WORK TO COMPLETE → Which lines in the data below contain the word "plus"? Copy each of them.
GIVEN ENTRIES START
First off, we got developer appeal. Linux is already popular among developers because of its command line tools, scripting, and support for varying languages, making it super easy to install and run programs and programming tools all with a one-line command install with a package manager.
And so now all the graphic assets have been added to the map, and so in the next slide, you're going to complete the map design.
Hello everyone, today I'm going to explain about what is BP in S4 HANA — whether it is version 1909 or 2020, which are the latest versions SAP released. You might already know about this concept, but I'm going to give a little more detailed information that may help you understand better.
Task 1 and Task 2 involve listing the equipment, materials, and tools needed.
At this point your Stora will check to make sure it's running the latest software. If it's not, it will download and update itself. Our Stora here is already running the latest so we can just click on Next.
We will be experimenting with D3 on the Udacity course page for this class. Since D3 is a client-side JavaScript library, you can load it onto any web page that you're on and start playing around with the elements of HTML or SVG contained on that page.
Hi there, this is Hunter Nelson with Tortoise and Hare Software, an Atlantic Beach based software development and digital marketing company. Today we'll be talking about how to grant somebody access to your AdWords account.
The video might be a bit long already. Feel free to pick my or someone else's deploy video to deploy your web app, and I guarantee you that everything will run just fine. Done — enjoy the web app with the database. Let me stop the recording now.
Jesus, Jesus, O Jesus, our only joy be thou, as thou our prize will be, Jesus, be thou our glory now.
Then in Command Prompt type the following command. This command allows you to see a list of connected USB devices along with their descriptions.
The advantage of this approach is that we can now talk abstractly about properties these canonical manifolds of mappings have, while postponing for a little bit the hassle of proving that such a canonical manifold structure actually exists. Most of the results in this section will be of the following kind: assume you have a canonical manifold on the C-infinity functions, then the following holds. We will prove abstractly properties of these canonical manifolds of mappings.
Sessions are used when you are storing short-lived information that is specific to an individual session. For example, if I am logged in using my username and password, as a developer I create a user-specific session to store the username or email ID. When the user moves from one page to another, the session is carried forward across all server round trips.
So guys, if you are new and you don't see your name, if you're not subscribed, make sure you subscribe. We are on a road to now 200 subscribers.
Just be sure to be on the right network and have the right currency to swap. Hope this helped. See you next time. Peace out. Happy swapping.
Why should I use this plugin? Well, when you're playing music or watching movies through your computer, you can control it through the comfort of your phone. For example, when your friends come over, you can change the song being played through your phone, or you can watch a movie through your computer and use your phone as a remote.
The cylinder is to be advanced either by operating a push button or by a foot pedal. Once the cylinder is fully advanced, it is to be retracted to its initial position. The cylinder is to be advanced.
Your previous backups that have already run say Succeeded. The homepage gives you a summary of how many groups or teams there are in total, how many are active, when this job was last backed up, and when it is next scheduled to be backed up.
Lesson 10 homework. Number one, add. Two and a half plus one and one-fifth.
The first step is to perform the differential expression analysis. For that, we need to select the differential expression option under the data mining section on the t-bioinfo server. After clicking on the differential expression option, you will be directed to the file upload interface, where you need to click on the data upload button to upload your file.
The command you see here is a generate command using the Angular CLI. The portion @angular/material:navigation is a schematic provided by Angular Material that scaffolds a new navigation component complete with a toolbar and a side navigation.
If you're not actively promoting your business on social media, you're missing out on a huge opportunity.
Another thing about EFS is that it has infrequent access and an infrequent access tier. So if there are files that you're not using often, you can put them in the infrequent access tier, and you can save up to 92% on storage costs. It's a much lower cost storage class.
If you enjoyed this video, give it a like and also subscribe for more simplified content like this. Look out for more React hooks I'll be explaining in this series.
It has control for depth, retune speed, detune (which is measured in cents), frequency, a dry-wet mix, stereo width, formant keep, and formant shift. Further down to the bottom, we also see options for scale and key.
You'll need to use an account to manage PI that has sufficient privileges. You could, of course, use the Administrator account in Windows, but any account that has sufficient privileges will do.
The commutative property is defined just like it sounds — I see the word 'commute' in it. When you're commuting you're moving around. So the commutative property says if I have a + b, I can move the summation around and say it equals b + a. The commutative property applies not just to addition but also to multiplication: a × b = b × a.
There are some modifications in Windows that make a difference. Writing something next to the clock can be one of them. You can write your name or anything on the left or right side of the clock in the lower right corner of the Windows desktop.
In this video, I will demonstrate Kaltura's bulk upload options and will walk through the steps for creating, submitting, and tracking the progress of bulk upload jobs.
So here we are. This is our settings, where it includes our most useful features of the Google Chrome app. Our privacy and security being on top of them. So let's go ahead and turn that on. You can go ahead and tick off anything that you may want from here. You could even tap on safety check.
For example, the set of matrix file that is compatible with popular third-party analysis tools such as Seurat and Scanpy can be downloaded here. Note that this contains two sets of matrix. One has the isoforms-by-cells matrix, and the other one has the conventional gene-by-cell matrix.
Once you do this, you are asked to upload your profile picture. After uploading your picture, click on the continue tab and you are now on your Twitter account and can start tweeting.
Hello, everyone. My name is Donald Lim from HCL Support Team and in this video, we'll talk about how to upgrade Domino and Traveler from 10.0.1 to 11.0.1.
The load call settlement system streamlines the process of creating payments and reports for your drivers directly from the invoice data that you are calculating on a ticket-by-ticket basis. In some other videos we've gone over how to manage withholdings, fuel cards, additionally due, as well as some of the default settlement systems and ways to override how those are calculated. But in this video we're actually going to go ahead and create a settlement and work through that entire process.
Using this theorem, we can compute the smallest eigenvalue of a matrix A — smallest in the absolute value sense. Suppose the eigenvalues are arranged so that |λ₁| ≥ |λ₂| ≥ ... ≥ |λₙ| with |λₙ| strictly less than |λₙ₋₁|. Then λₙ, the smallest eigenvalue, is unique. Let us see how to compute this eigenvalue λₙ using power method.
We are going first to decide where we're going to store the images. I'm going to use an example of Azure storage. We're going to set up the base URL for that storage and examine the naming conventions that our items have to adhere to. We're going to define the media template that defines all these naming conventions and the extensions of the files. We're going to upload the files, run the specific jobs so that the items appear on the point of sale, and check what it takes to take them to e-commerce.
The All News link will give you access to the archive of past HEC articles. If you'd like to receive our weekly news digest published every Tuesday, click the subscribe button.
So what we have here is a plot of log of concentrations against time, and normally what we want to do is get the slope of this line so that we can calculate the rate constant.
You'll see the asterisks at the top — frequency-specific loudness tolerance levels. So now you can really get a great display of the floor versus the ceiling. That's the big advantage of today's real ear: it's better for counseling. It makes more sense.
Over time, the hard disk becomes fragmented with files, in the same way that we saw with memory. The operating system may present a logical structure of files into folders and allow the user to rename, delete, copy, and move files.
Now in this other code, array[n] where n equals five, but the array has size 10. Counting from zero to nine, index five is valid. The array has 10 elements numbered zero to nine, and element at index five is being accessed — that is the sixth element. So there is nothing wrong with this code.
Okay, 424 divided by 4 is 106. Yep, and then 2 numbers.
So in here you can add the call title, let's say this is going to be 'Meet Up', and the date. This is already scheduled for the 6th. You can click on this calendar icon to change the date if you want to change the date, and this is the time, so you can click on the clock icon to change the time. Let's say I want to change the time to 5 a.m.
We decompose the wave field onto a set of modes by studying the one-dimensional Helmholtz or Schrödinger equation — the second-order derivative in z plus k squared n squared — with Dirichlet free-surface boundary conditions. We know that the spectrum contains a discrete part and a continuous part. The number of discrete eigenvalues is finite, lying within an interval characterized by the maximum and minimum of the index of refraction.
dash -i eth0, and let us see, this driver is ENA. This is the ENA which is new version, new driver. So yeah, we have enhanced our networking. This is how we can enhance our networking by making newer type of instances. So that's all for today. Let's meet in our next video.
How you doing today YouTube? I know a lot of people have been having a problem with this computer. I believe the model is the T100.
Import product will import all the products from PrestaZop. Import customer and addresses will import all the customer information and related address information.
GIVEN ENTRIES END
ANSWER SECTION →
Lesson 10 homework. Number one, add. Two and a half plus one and one-fifth.
We decompose the wave field onto a set of modes by studying the one-dimensional Helmholtz or Schrödinger equation — the second-order derivative in z plus k squared n squared — with Dirichlet free-surface boundary conditions. We know that the spectrum contains a discrete part and a continuous part. The number of discrete eigenvalues is finite, lying within an interval characterized by the maximum and minimum of the index of refraction.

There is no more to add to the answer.